**Requirement**
After locating the line with "Face Of An Angel" below, output it and each following line exactly, stopping after the line with "Rainbow Pearl Personalised". No pictures.

**Available data**

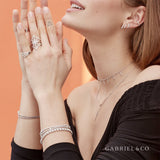 Gabriel & Co. Layered Pavé Diamond Bar and Spike Pendant Necklace - NK6009W45JJ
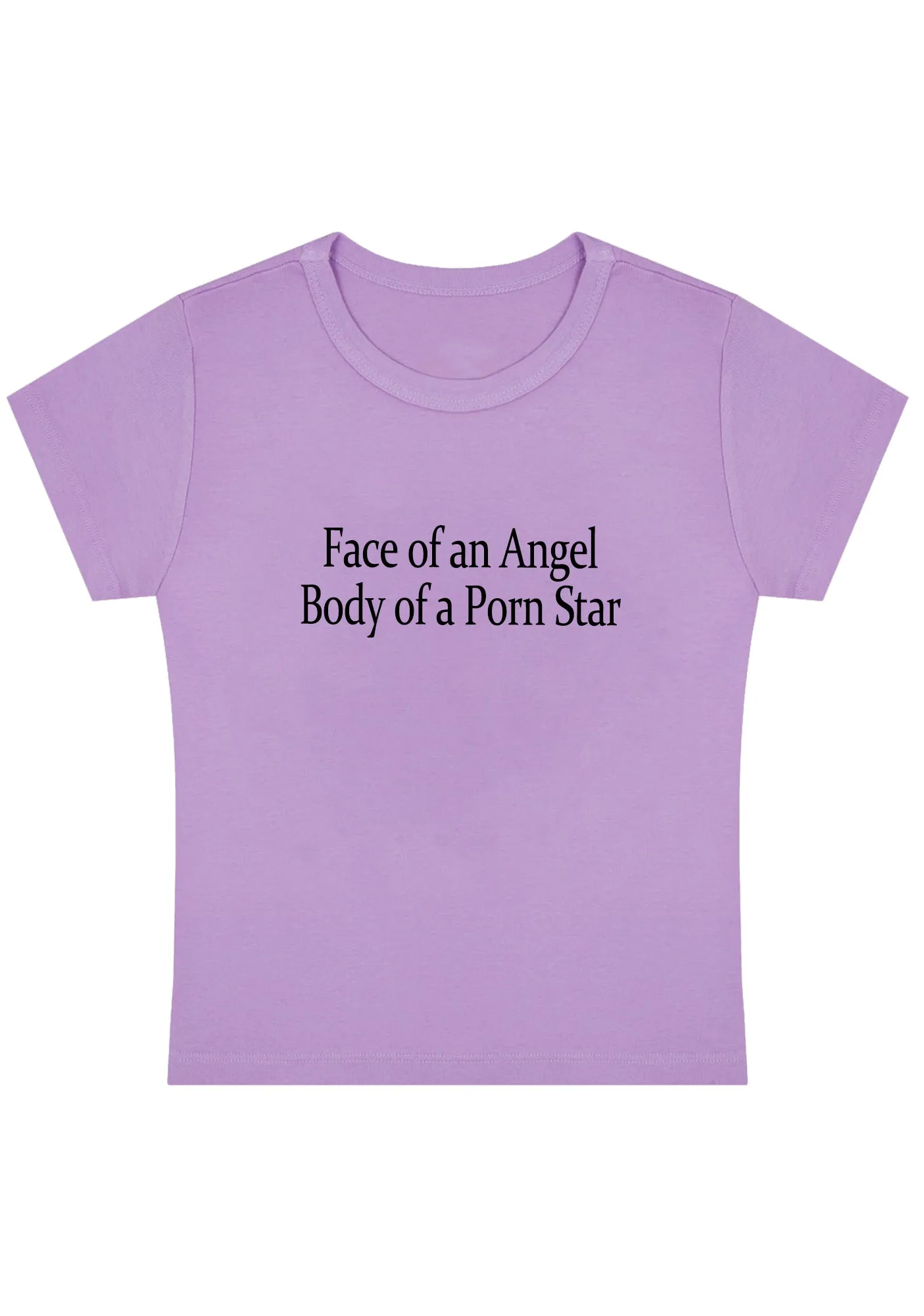 Face Of An Angel Body Of A Pxrn Star Y2K Baby Tee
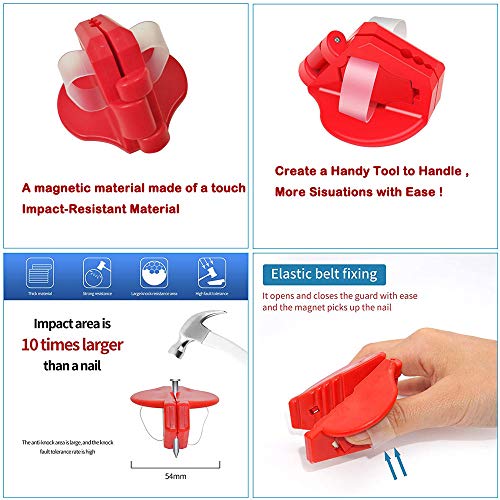 Upgrade Finger Protector for Hammering Nails,Nail Protector- Nail Holder Hand Tools (Pack of 2) - for Nails,Finish Nails,Small Screws, and Staples, Avoid Hitting The Fingers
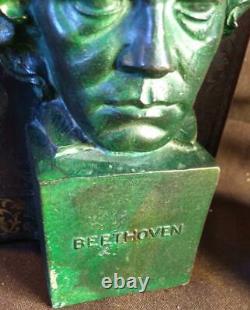 Set Pair of 2 Two Bookends Beethoven & Liszt Leather Books Statue Busts Metal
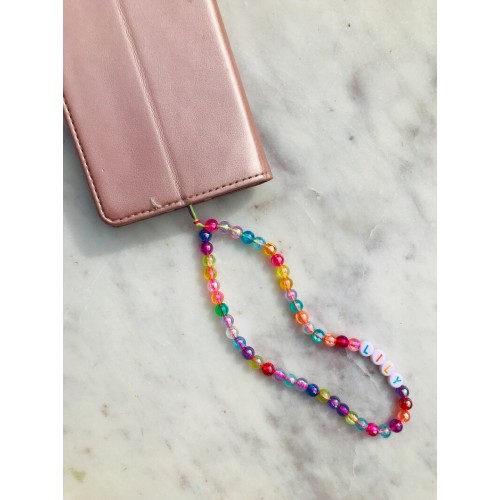Rainbow Pearl Personalised handmade multicoloured beaded phone neck strap
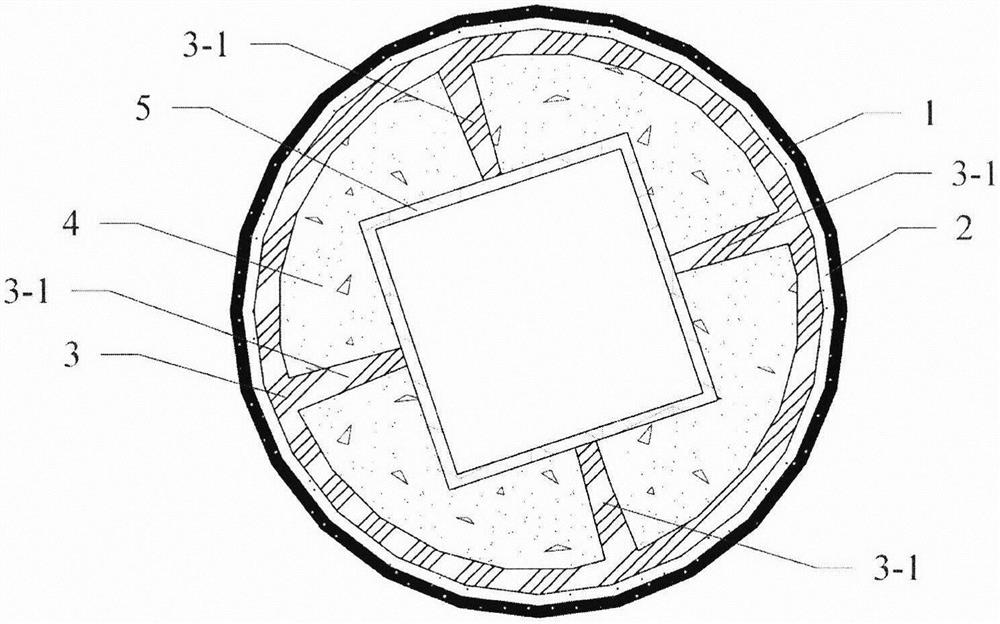 FRP biomass composite component with circular exterior and square interior and manufacturing method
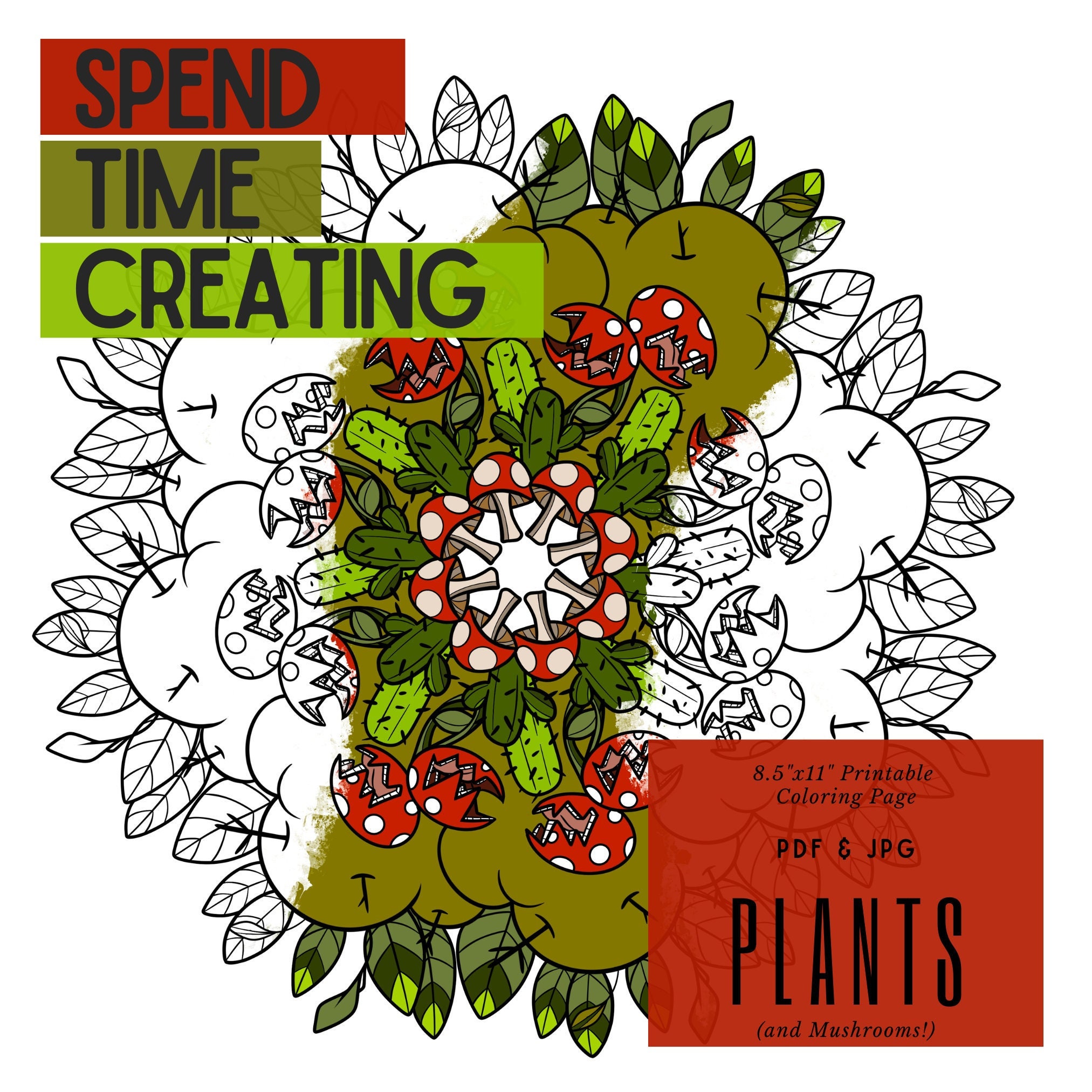 Printable Plant Coloring Page, Mandala, 8.5x11, JPG & PDF - Etsy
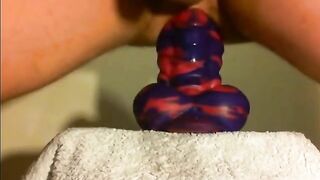 amateur Anal sex toy fun with flint the bad dragon !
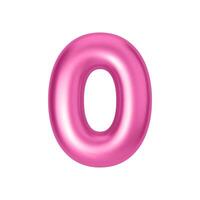 Pink metallic number 0. Foil and latex balloon number zero in 3d style. Realistic design elements isolated on white background. illustration vector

**Task result**
 Face Of An Angel Body Of A Pxrn Star Y2K Baby Tee
 Upgrade Finger Protector for Hammering Nails,Nail Protector- Nail Holder Hand Tools (Pack of 2) - for Nails,Finish Nails,Small Screws, and Staples, Avoid Hitting The Fingers
 Set Pair of 2 Two Bookends Beethoven & Liszt Leather Books Statue Busts Metal
Rainbow Pearl Personalised handmade multicoloured beaded phone neck strap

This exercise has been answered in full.